As CNN reported, the Tax Cuts and Jobs Act was signed into law in December 2017. The SALT cap, which prohibits individuals from deducting more than $10,000 in state and local taxes from their federal income taxes, was established as part of this law, CNN added. Now, as taxpayers are filing their taxes with these new tax reform measures in place, some are seeing firsthand the impact of this cap.
As Bloomberg revealed, a report released on Tuesday by the Treasury Inspector General for Tax Administration revealed that, so far, there's about $323 billion in state and local taxes that taxpayers can no longer deduct on their federal tax returns. The cap has affected almost 11 million people, the outlet noted.
Bloomberg added that, as a result of this cap plus other tax reform changes that resulted in different withholdings in 2018, some people are likely receiving smaller refunds. However, the New York Times noted that other tax reform initiatives, like the doubling of the standard deduction and the removal of the alternative minimum tax, may help offset any tax increases caused by the SALT cap.
The paper also noted that the cap is most likely to affect those living in high-tax (and typically left-leaning) cities and states, like New York and California. It also added that the nonpartisan Tax Policy Center found that the individuals most likely to be affected by the SALT cap are frequently among the top one percent of income earners.
Because of the SALT cap's disproportionate impact on high-tax cities and states, some government officials in these locations have appealed to the Trump administration to reconsider the cap. For example, MarketWatch reported that New York's Governor Andrew Cuomo met with President Trump on Feb. 12 to urge him to rethink the cap. The outlet noted that Cuomo believes the cap is causing wealthy citizens to leave New York and causing the state to lose money.
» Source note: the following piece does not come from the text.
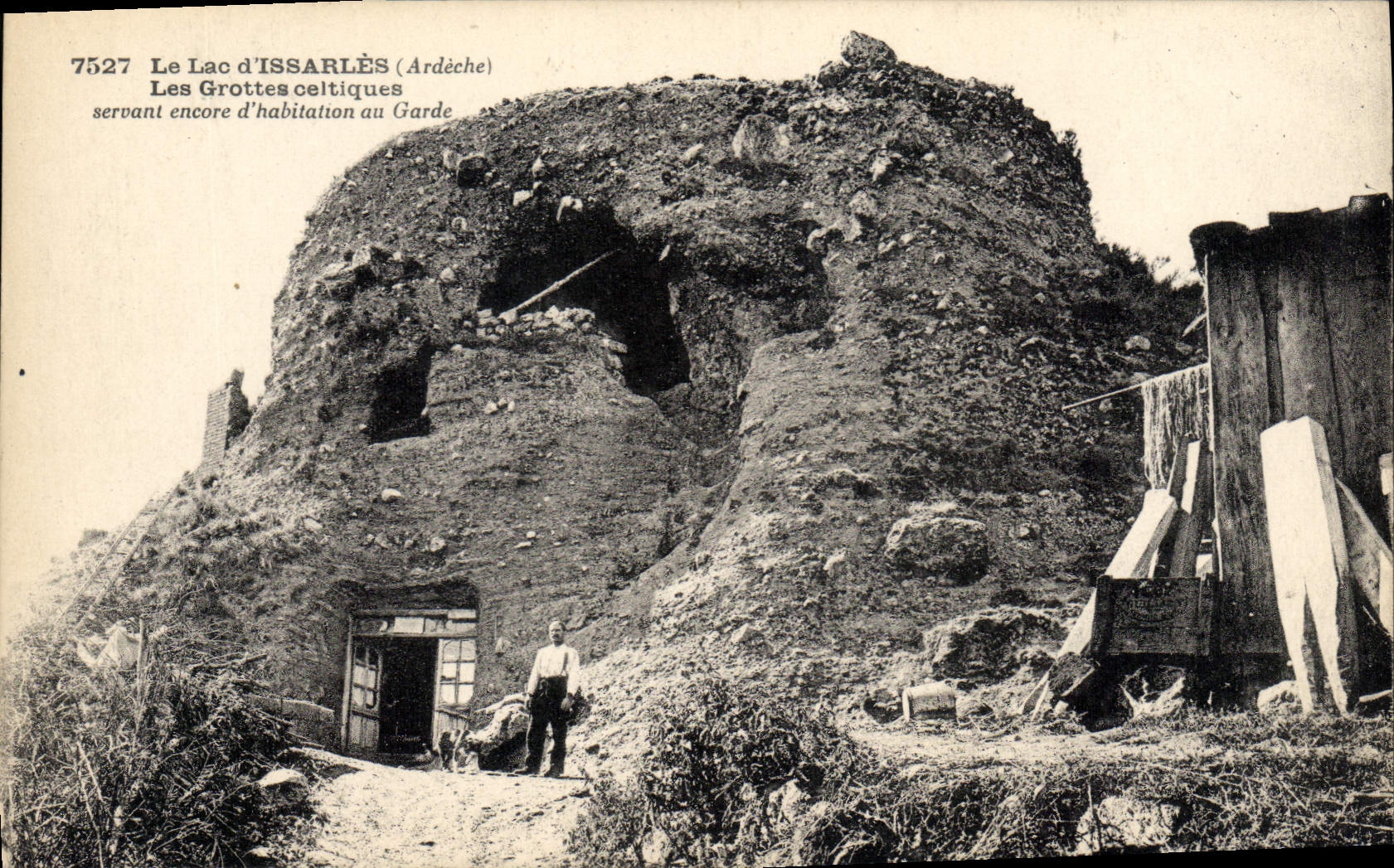 CPA Le lac d'Issarles Les grottes celtiques servant encore d'habitation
Bloomberg reported on Feb. 7 that Trump has previously said he's "open to talking about" revising the SALT cap. The Stamford Advocate noted he told reporters on that day that “There are some people from New York who have been speaking to me about ... changing things. It’s been severe on them." Following his meeting with Cuomo on Feb. 12, the White House's deputy press secretary said via MarketWatch that "the president listened to the governor’s concerns regarding SALT."
While Trump perhaps seems open to making changes to the SALT cap, Senate Finance Committee Chairman Charles Grassley has said that Congress won't reconsider the issue. “The Senate Finance Committee won’t be revisiting the SALT deduction reforms made in the Tax Cuts and Jobs Act ...," Grassley's spokesman, Michael Zona, told CNBC on Feb. 7.
As Bloomberg noted, the cap was initially put in place to help offset tax cuts included in 2017's tax reform legislation. The outlet said that, according to the Tax Foundation, a conservative-leaning nonprofit, removing the cap would cost about $673 billion in a ten-year period. Several bills have already been introduced in Congress to repeal the cap, Bloomberg revealed.